Most people are indignant at the suggestion that they are not reliable authorities about their real wants. Such self-knowledge, however, is not the easiest kind of knowledge to acquire. Indeed, acquiring it often requires hard and even potentially risky work. To avoid such effort, people unconsciously convince themselves that they want what society says they should want.
So the passage is saying that Most people get angry/upset when someone tells them they don't know what they want. It is not easy to figure out what people truly want, for that one has to see things as things are. This knowledge of objectively seeing what people want is earned by hard and potentially risky work. So people unconsciously convince themselves that they want what society wants them to want. Why would people unconsciously convince themselves to want society's idea of themselves. Because it is not easy to see things as they are and thus most people take the easy way out unconsciously.

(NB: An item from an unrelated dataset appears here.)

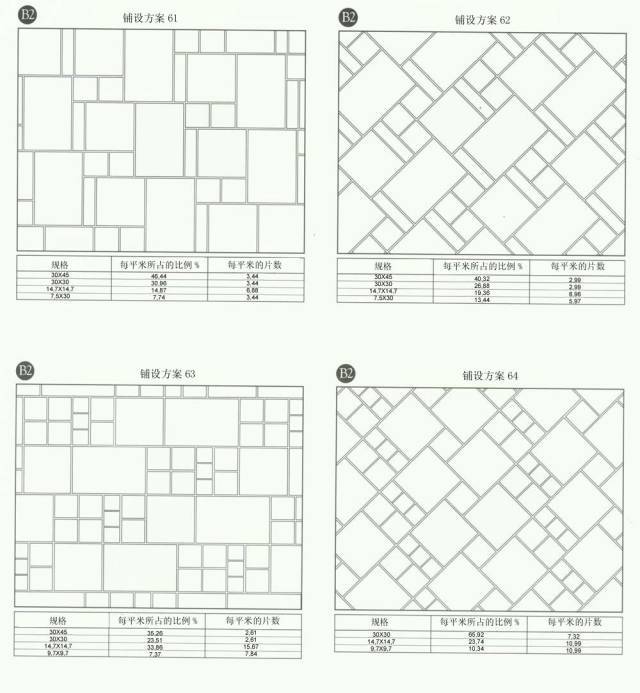 80种瓷砖铺贴案例,满满的干货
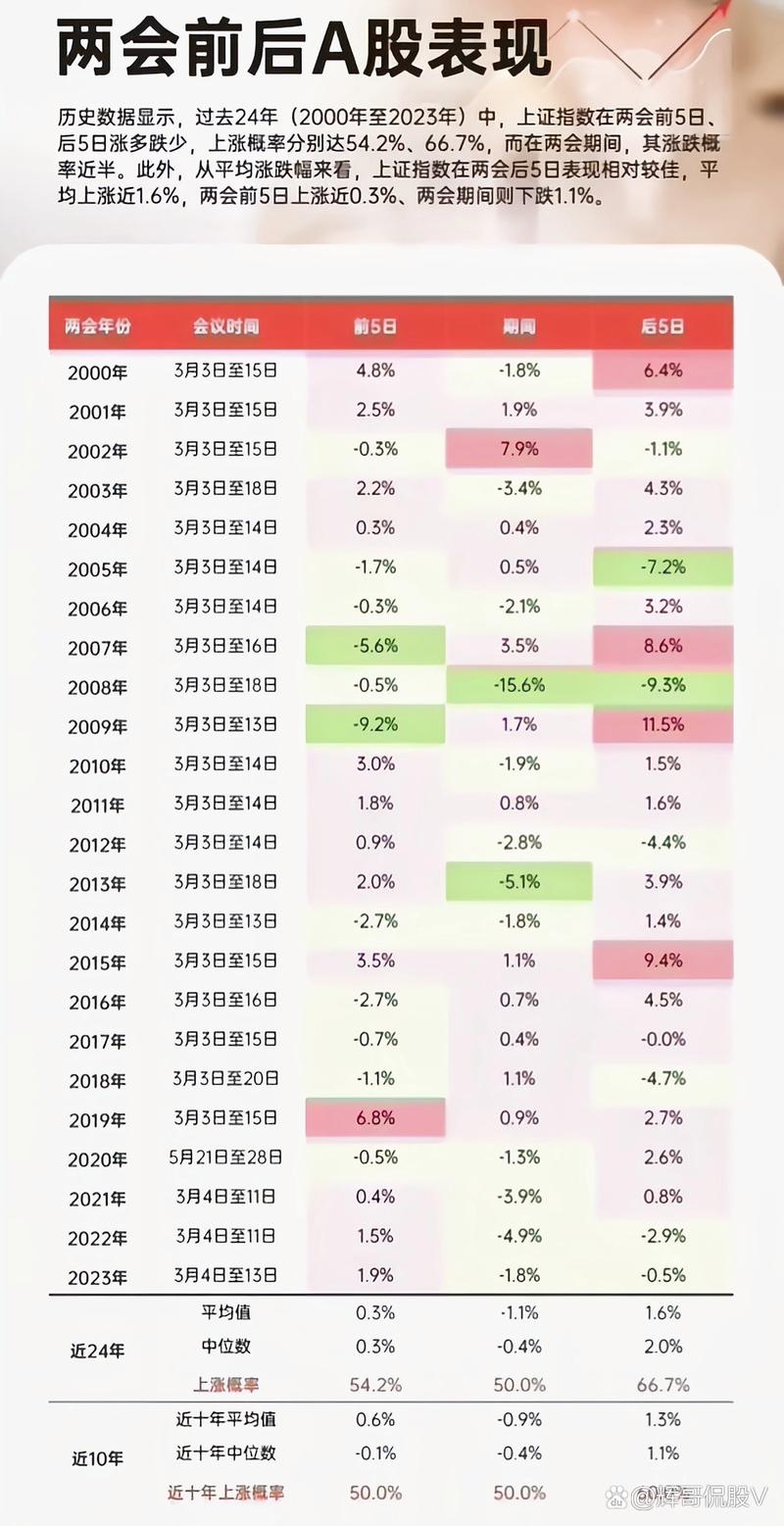 赢在投资还可以配资吗_线上股票配资平台 _ 两会行情资金流入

The main point of the argument is that
(A) acquiring self-knowledge can be risky - Haha, not really. Passage says the work may be risky not the knowledge itself.
(B) knowledge of what one really wants is not as desirable as it is usually thought to be - It is very desirable to know yourself, As Aristotle puts it - to ti ên einai
(C) people cannot really want what they should want - No, this is opposite, people can want what they truly want.
(D) people usually avoid making difficult decisions - Maybe true, but this is main point question and answer must capture jest of whole paragraph. People sometimes can take the difficult route and learn to want what they truly want.
(E) people are not necessarily reliable authorities about what they really want- Yes, this must be main point of the paragraph. People are not necessarily reliable authority on themselves. This captures the central idea of the passage. E is the answer.